# First loft input



## Old Mick (Sep 26, 2011)

I am working on building my first loft to race pigeons and would appreciate any input. I am new to racing and I am trying to learn how the birds will need to be separated and how many sections I will need in the loft. 
Right now I have drawn up 4 - 
1) Breeders section: nest boxes when breeding and OB cocks if I decide to race widowhood.
2) OB Hens: just wall perches
3) YBs: just wall perches
4) Fancys: This is my partner's (daughter's) section for her birds (I might be able to spill over a few into there if needed to seperate YBs, question to follow).

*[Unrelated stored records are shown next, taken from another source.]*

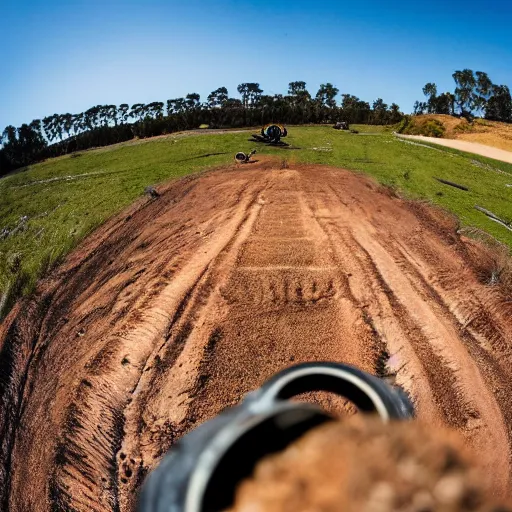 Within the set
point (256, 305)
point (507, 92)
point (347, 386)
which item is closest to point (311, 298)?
point (256, 305)

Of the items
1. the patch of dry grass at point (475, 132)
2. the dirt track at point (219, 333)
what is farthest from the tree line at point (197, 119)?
the dirt track at point (219, 333)

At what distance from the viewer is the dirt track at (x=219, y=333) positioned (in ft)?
23.6

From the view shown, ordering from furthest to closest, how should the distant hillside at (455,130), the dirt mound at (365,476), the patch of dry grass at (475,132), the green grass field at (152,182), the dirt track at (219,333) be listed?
the distant hillside at (455,130)
the patch of dry grass at (475,132)
the green grass field at (152,182)
the dirt track at (219,333)
the dirt mound at (365,476)

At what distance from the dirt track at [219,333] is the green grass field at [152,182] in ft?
7.71

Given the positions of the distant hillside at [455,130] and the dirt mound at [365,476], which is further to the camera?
the distant hillside at [455,130]

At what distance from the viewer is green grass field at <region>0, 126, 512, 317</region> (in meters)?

The Breeders section is 6'x5' with a 6'x3' aviary. All other sections are 4'x5' with a 4'x3' avairy. Loft ceiling is 7'. So I know this is more than the normal starter loft but I kind of want to just do it right once and not add on later.

So here are the questions I need to answer before building.
1) Is this too big? It feels huge but I hope to eventually have a fully functional race loft.
2) When separating the OBs for widowhood, how separated do they need to be? Is a solid wall between them good enough or do they need to be at separate sides of the loft? Do the aviary separators need to be solid?
3) Will there be a point in the YB season that I will want to seperate them also?
4) I plan on having 1 long landing board but 2 traps. Each trap would split 2 sections and I could open or close a side of the trap as needed to direct which ever group is flying. Are there any considerations that would make this a better arrangement such as OB cocks and OB hens using 1 trap, and my daughters birds and my YB using the other. As I move the YB over to the OB sections will they learn to trap in the new trap?
5)... 
So instead of taking this list out too far I am just going to pose the general question of loft layout considerations. How do you manage your loft? With unlimited space and resources what would you build and how would you arrange it? What have I not considered or have I said something that is incorrect? Like I said, I feel like I have plenty of room, just not sure the best way to use it.

Thanks!
Mick


----------



## APF_LOFT (Aug 9, 2010)

it huge if you got few bird, it small if you have many bird
i cant answer the others


----------



## Greek Boy (Apr 12, 2010)

Old Mick- It may feel hugh but you will need all available room as you will see. The cocks and hens in widowhood should not be able to see each other except when you want them to. Those two sections and aviaries need to be completely secure from each other. When cocks are flying the hens should be locked in the loft with no entry to aviary and vice-versa. I would prefer to have the two sections at opposite ends and using opposite traps. When you move young birds to old bird section they will learn to enter a new trap. Especially when their hungry. Use your training cage as you did to settle them to the first trap. Your layout seems fine, just make sure the loft is ventilated properly and never overcrowded. The nestboxes are fine but I prefer box perches in young bird and hens sections. I feel it is easier to handle and catch the birds when needed with box perches. If you look at Shadybug Lofts, Wingsonfire, Ceee0237,and others on Pigeon Talk you will see some excellent ideas about loft construction about everything you asked. All the best- Nick..


----------